Provided records

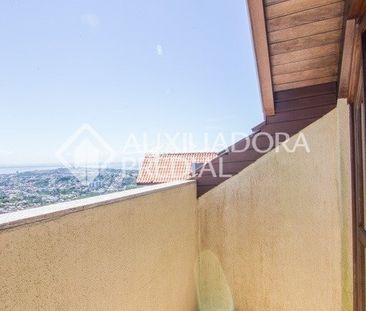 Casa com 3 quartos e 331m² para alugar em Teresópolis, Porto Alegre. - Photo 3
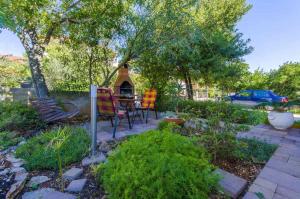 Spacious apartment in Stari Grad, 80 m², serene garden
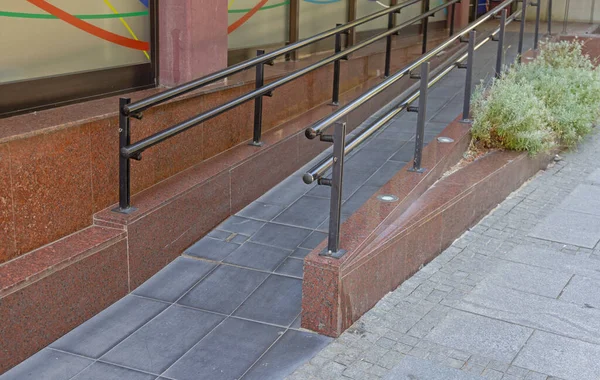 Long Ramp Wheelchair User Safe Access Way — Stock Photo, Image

---

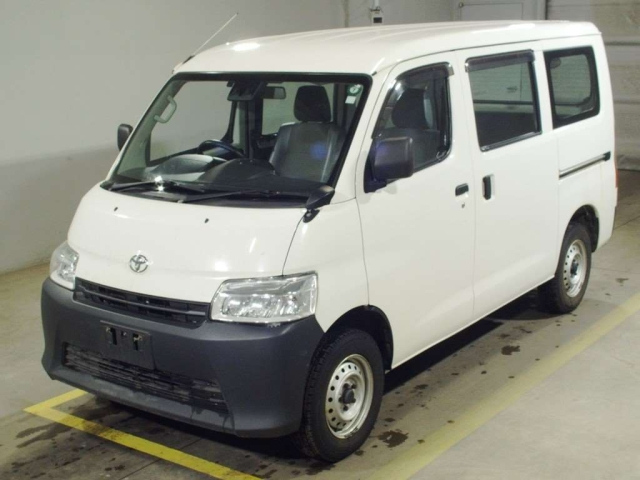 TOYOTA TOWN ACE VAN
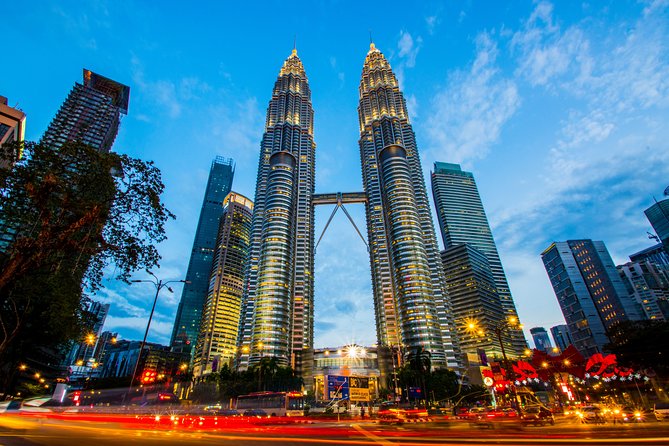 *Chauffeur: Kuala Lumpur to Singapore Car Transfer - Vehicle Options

What is expected
Only one stretch of the data is wanted: write out exactly the lines from the one holding "Spacious apartment in" through the one holding "Long Ramp Wheelchair", both included, without the pictures.

Answer to this exercise
 Spacious apartment in Stari Grad, 80 m², serene garden
 Long Ramp Wheelchair User Safe Access Way — Stock Photo, Image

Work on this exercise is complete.